Elle referma le livre, profondément déçue que la ville qu’ils laissaient derrière eux n’ait rien à voir avec ce qu’elle venait de lire, alors une vieille chanson lui vint à l’esprit:

« Ta rue n’est plus ta rue, c’est n’importe quelle rue qui mène n’importe où »…

Manaus n’était plus Manaus, sinon une ville quelconque sur le chemin vers n’importe où. Mais personne ne pouvait nier qu’elle conservait le mérite d’être au cœur même de l’Amazonie.

Et la véritable Amazonie, celle qu’elle recherchait, avait commencé au moment où le navire avait quitté le cours du plus grand fleuve de la planète –celui qui transportait plus d’eau que tous les autres réunis– pour naviguer sur ses innombrables affluents qui zigzaguaient et s’enroulaient comme d’interminables anacondas et finissaient par mourir sur de petites plages.

Et là, pour continuer d’avancer, il fallait se frayer un chemin à la machette. Et c’était là que le monde barbare du caoutchouc d’il y a plus d’un siècle semblait renaître, car des tribus inconnues et des centaines, des milliers, des millions de bêtes dangereuses y survivaient.

Surtout les serpents et, comme pour la plupart des femmes, le seul fait de les nommer lui produisait un rejet instinctif. Les hommes n’aimaient pas non plus les serpents, les alligators, les araignées ou les jaguars sournois, mais presque tous considéraient que le moment était venu de défendre le droit de ces animaux de continuer à vivre.

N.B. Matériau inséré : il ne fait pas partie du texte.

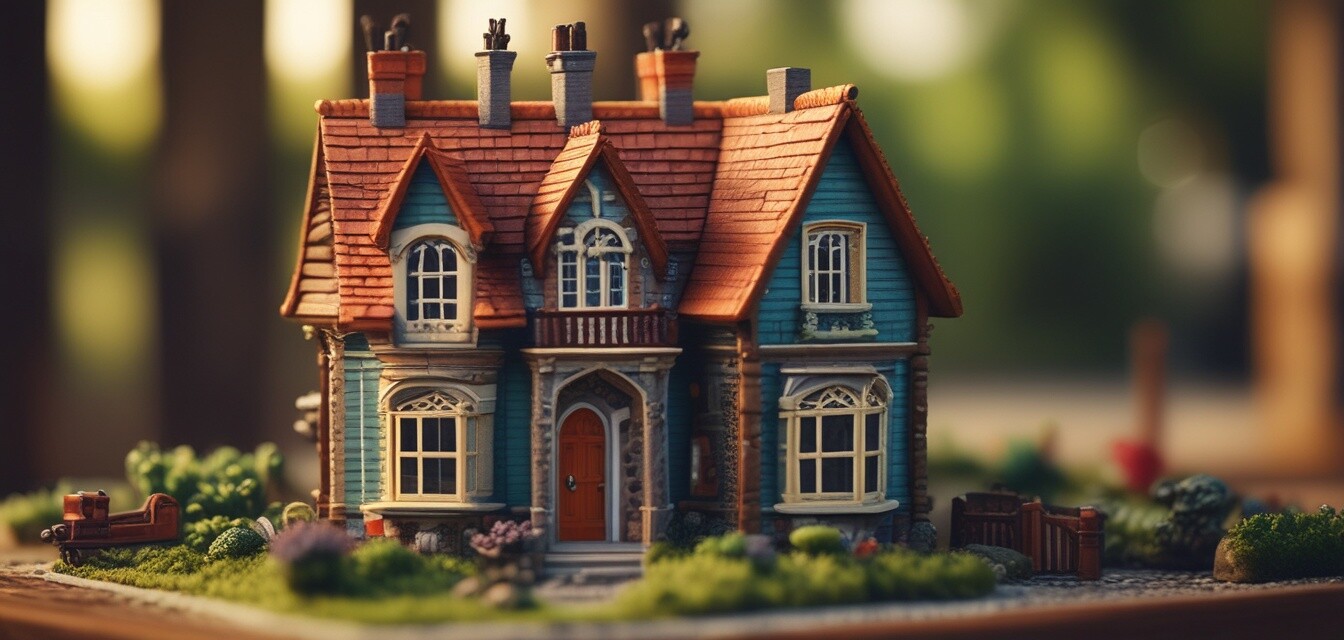 Detailed view of a miniature house kit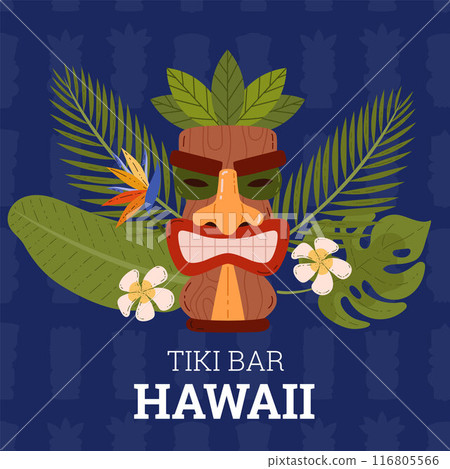Tiki mask banner with text Tiki Bar Hawaii. Tiki mask banner with text Tiki Bar Hawaii. 116805566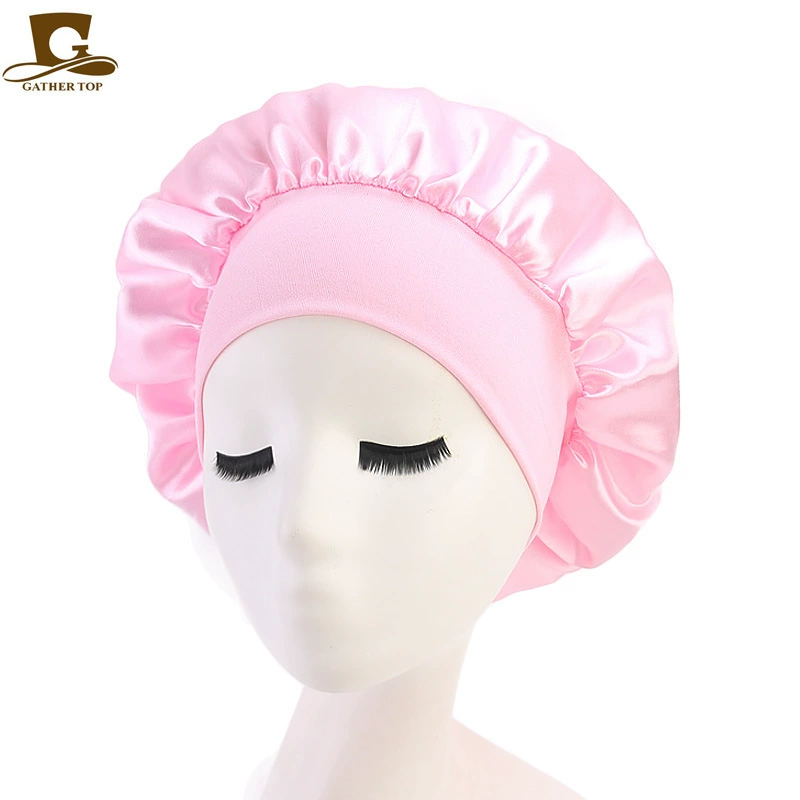 Sleeping Hat TJM-301 — Wide-Edge High-Elastic Ladies Hair Care Cap, Satin-Look, 56–58 cm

Les temps obscurs où les humains pensaient être les seuls à avoir le droit d’exister étaient révolus depuis longtemps. Ils savaient maintenant que s’ils continuaient dans cette direction ils seraient les seuls survivants et finiraient par se manger les uns les autres.

En fait, il y avait des siècles que cela se produisait, même si ce n’était pas au sens littéral du terme, vu que les tribus anthropophages avaient été relativement rares à travers l’histoire.

Après la lecture, allongée dans un hamac sur le pont supérieur du « Kubichek IVº », elle se consacra à observer, au moyen de jumelles, les singes sautant de branche en branche, les vols de cacatoès multicolores et les énormes fromagers qui accueillaient des hérons au plumage blanc ou de hiératiques ibis à long bec d’un rouge chatoyant.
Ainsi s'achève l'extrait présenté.